Captioned web images:
Start of Block

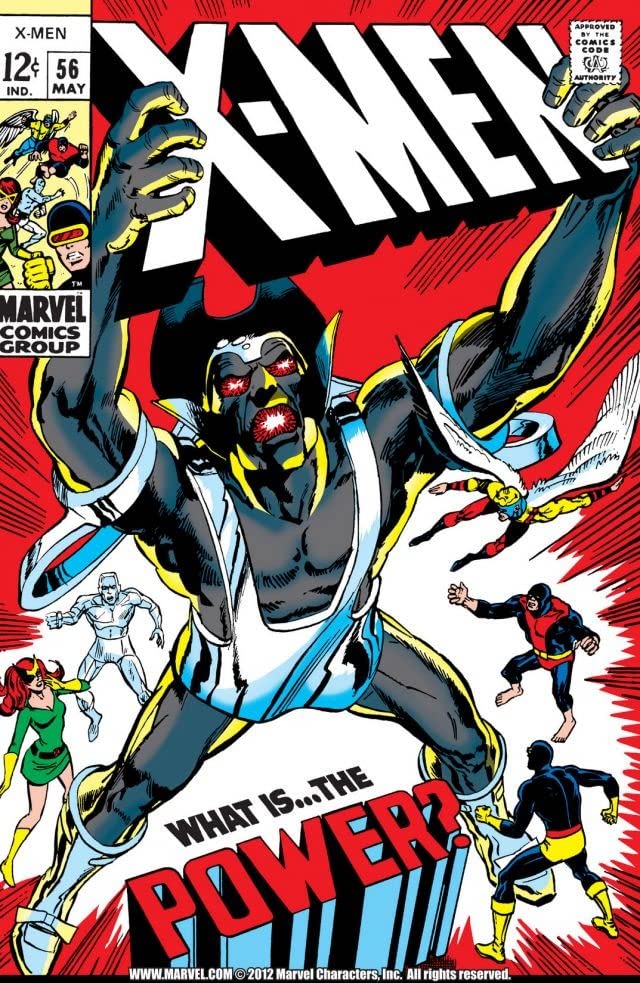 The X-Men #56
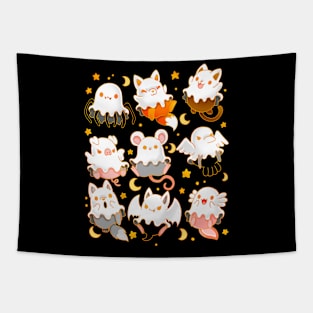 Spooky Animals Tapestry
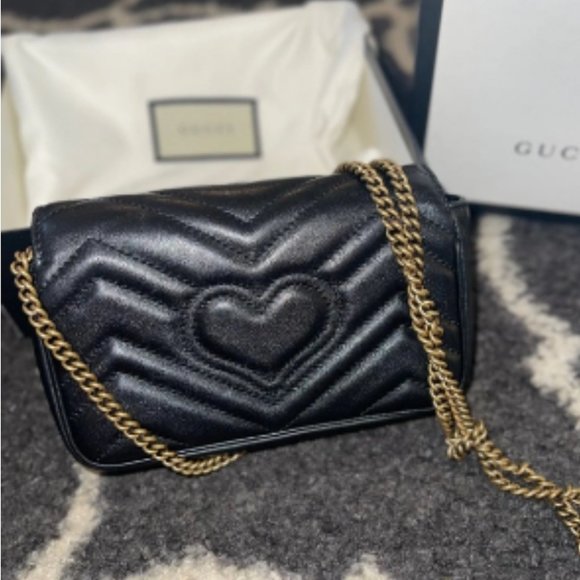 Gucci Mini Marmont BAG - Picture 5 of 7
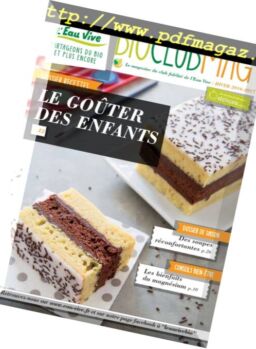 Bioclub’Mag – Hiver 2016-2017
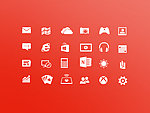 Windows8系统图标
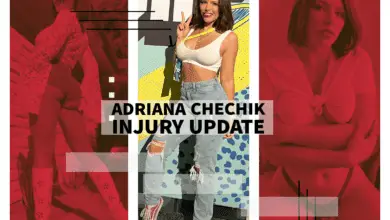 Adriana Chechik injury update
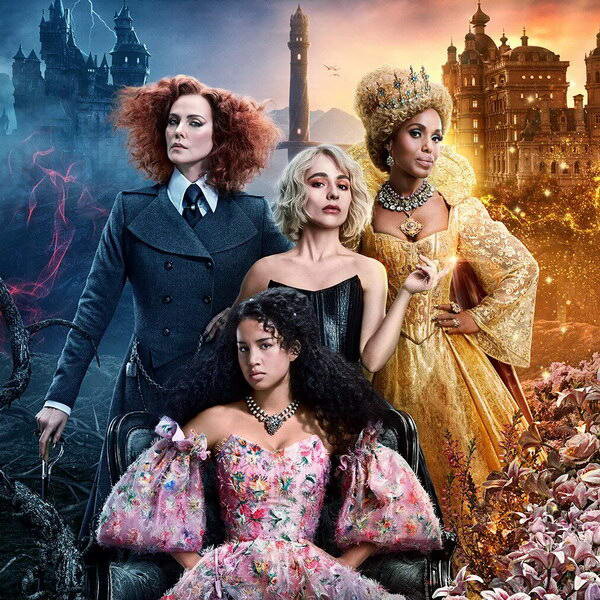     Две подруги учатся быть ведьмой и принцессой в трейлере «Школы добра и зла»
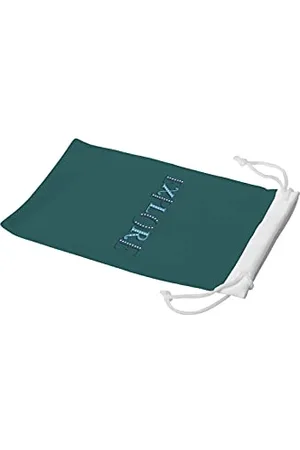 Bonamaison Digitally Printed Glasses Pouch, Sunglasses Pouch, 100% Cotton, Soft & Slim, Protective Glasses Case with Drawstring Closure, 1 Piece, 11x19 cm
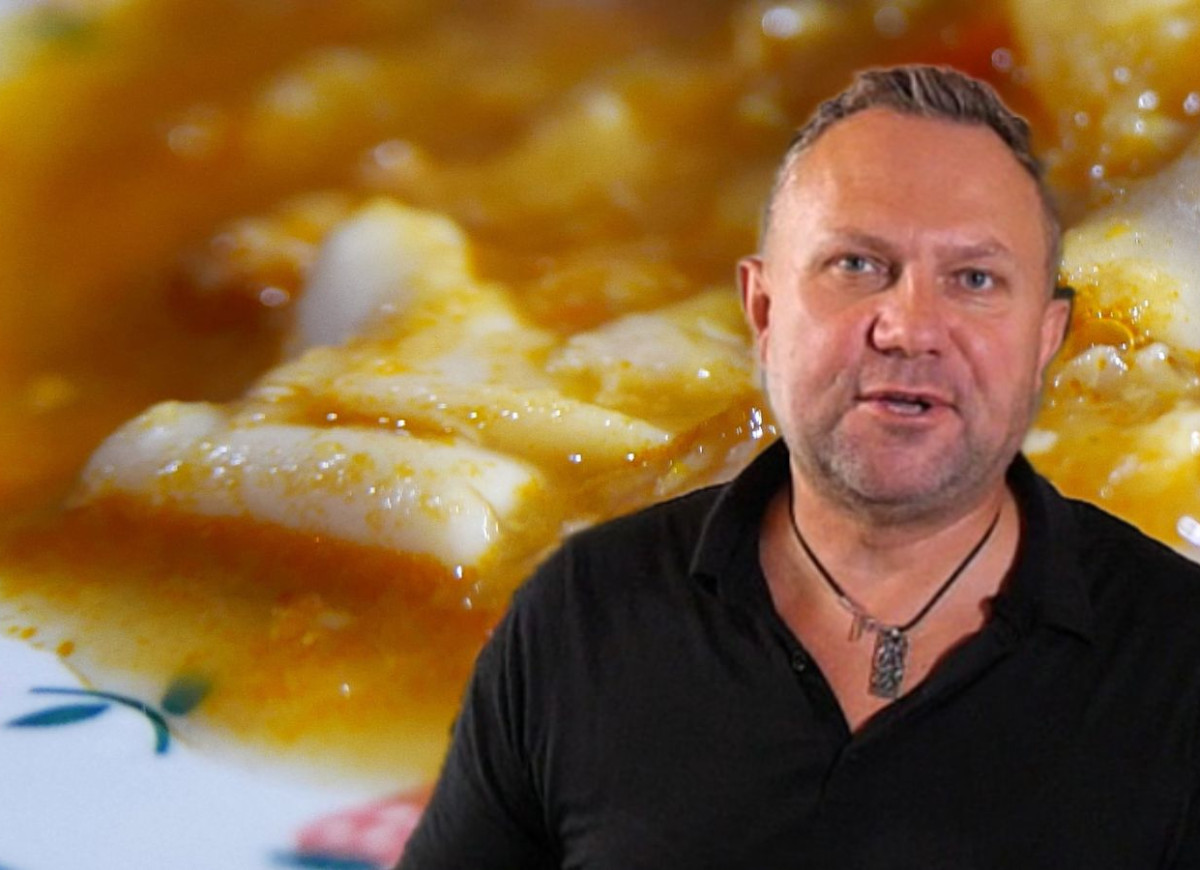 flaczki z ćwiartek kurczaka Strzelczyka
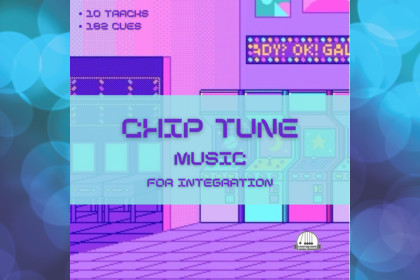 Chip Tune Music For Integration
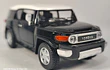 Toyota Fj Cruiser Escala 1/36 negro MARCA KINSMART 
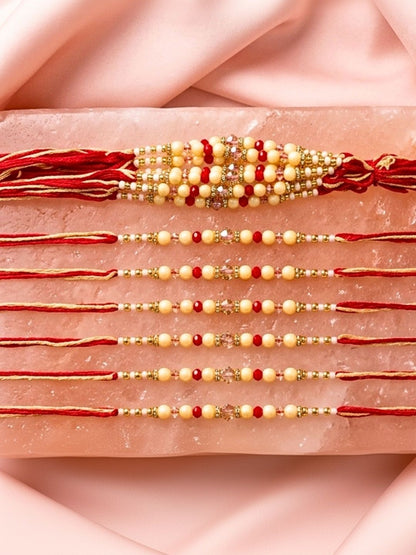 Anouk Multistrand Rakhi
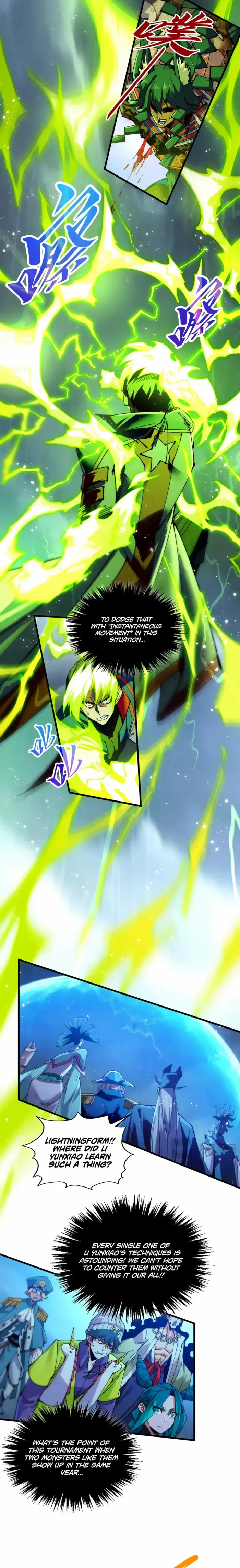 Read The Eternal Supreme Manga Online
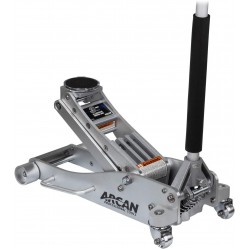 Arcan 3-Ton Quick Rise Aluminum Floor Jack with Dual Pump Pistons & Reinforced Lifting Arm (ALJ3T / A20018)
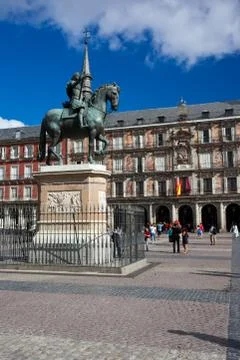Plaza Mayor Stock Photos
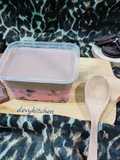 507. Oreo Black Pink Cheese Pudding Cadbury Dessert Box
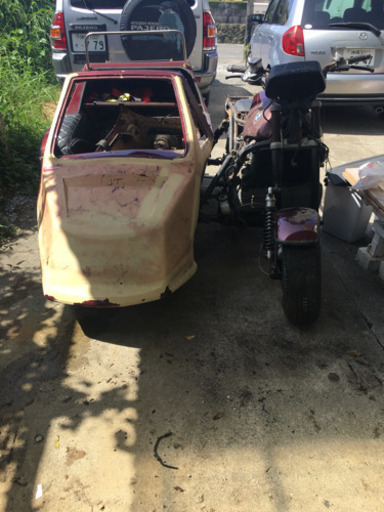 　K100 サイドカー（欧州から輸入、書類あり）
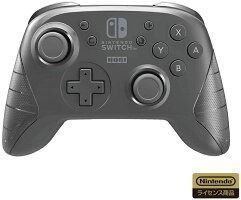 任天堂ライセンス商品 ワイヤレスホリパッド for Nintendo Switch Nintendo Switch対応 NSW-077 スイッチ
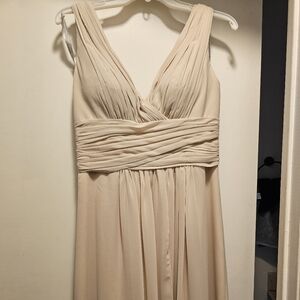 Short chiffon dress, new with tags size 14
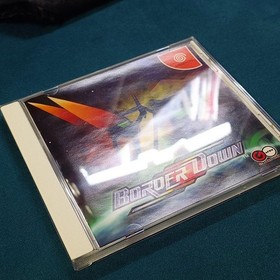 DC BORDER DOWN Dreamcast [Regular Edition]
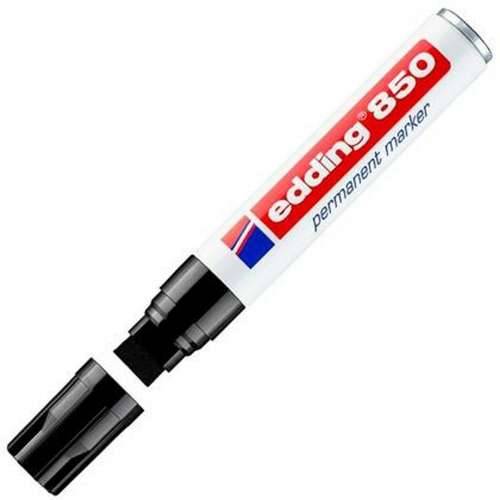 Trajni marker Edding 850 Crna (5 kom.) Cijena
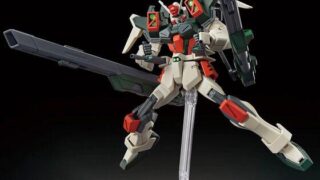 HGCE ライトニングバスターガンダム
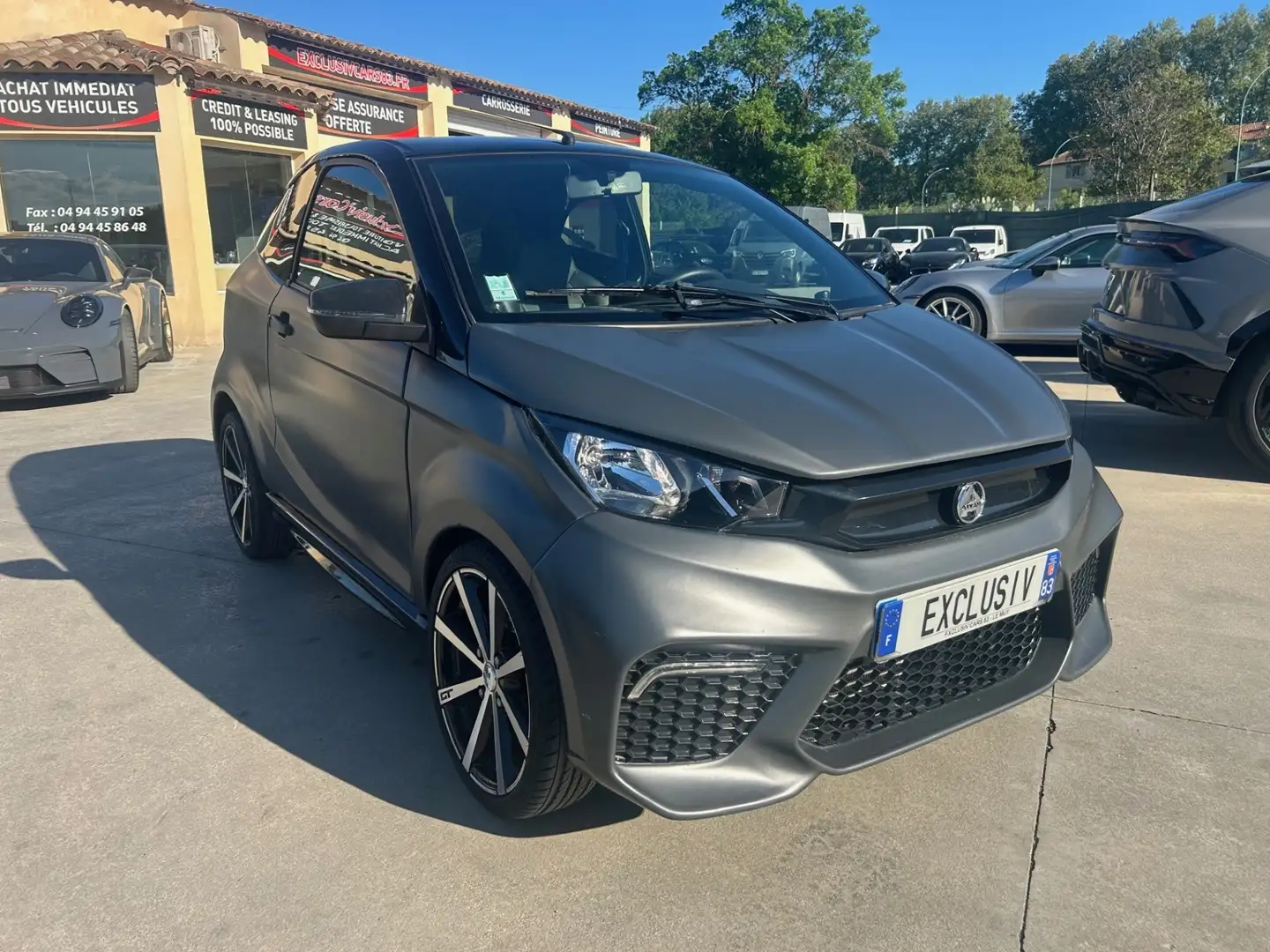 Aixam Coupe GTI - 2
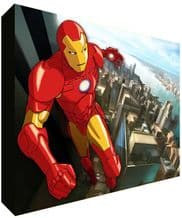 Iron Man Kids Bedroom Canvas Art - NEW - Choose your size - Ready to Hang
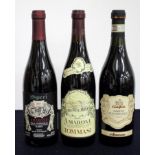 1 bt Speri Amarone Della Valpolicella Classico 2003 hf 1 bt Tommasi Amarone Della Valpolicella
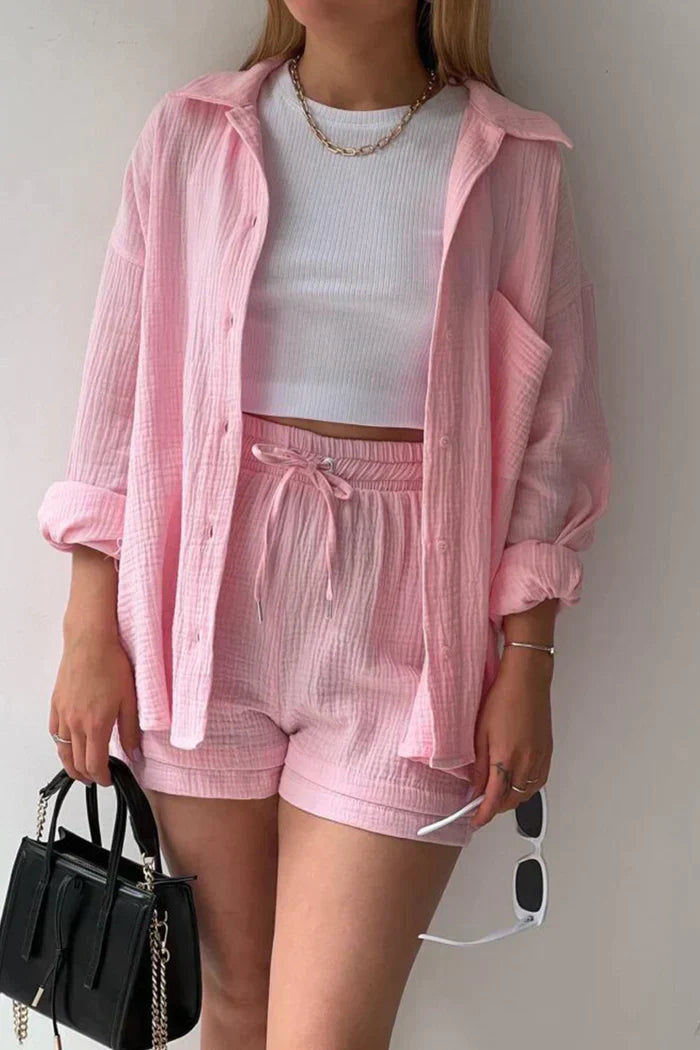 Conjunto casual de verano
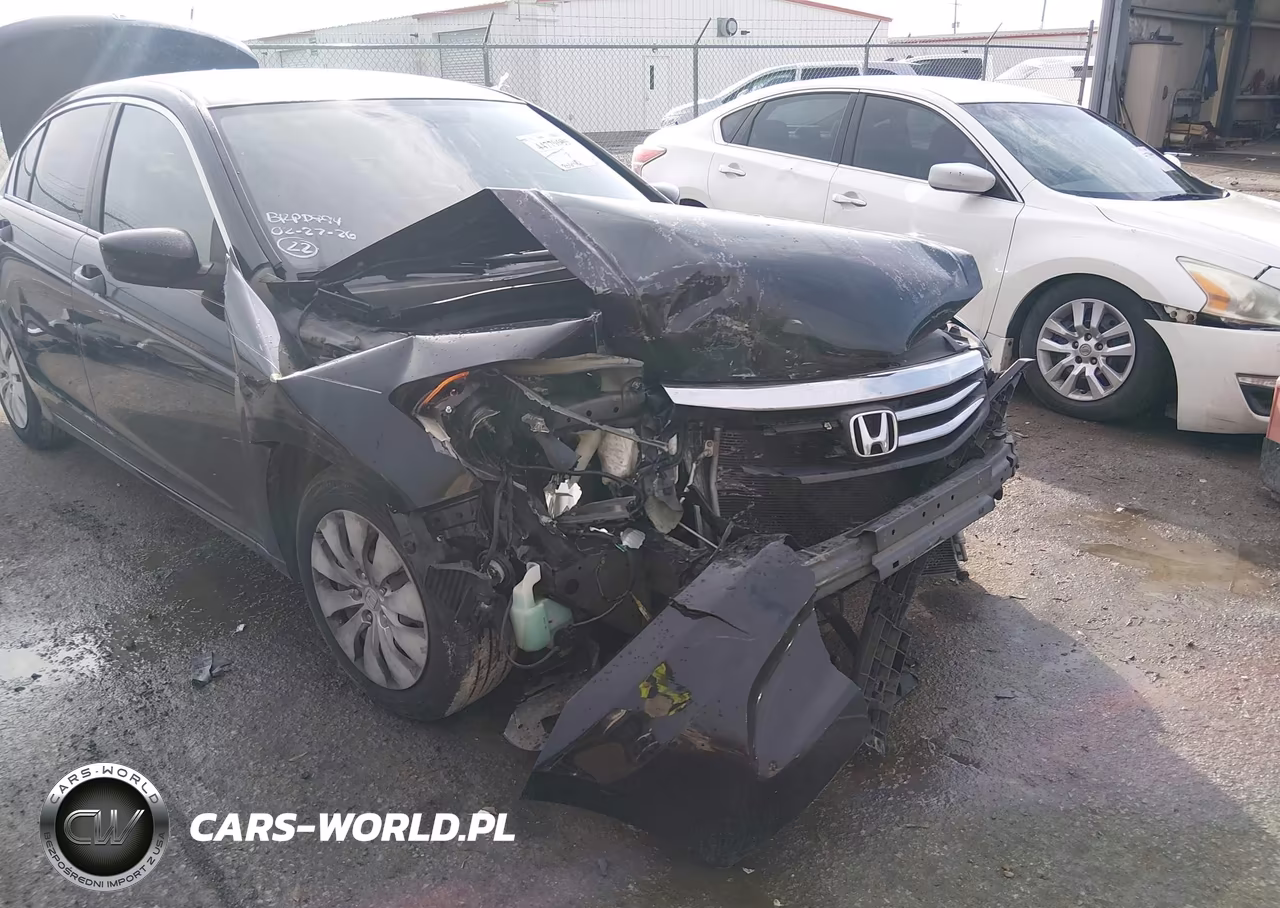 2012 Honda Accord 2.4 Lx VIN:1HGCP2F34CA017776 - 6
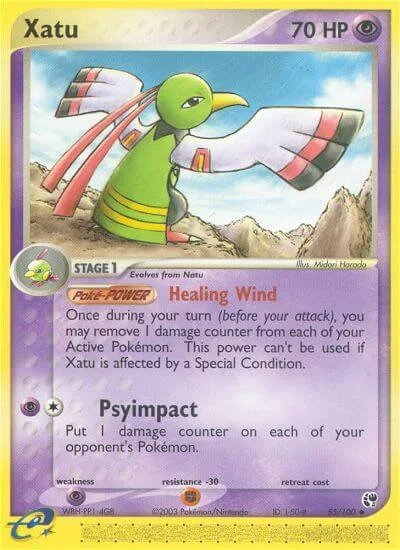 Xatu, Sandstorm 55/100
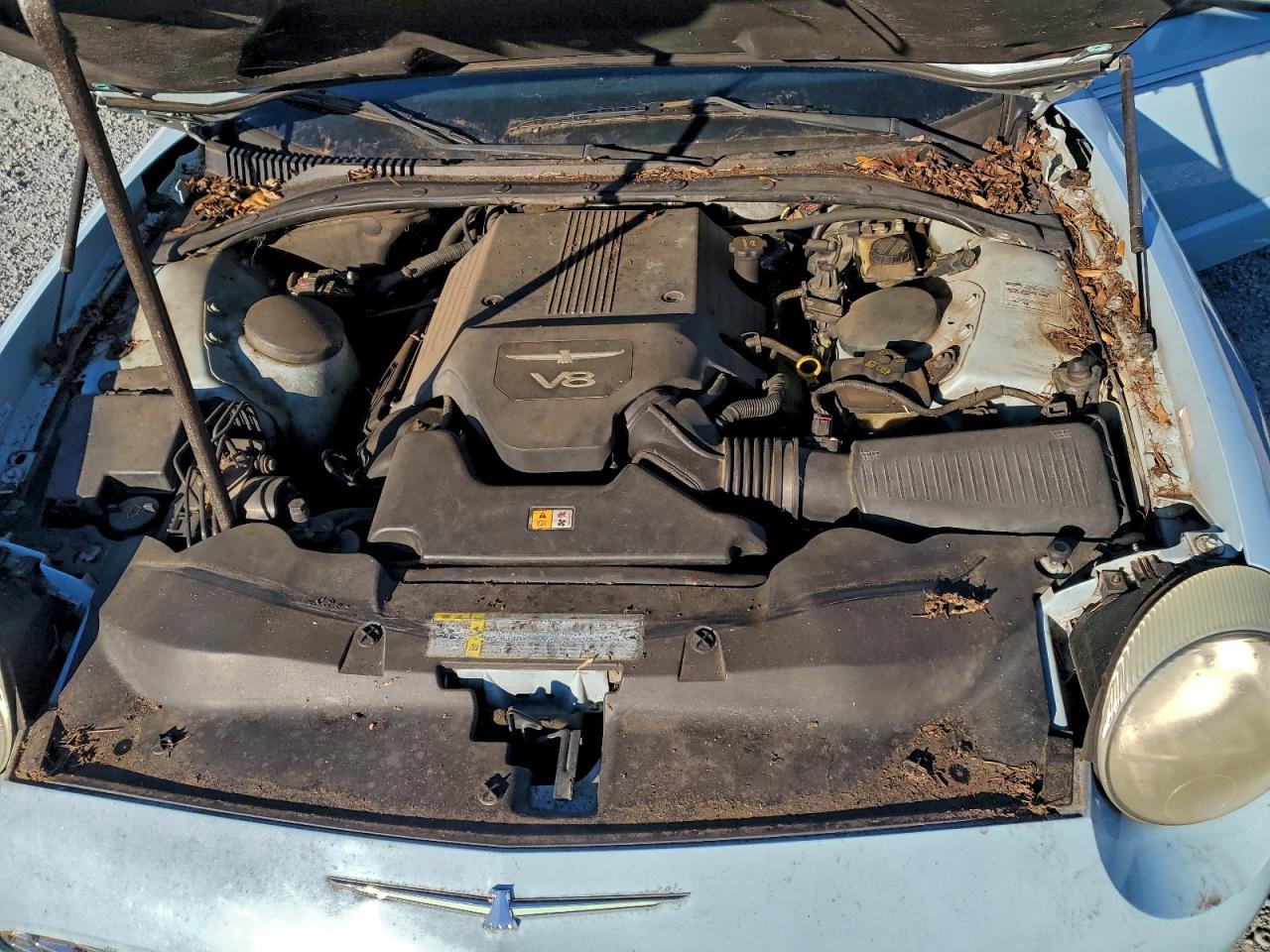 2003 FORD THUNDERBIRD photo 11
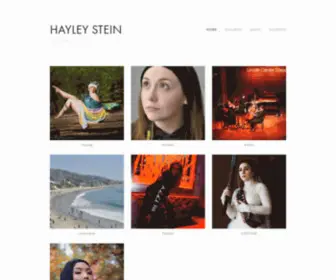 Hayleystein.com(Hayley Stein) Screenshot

End of Block

• WORK TO COMPLETE: Leave out the pictures, and extract exactly the lines from the one with "Xatu, Sandstorm 55/100" through the end of the records, both ends included.

• TASK SOLUTION:
 Xatu, Sandstorm 55/100
 2003 FORD THUNDERBIRD photo 11
 Hayleystein.com(Hayley Stein) Screenshot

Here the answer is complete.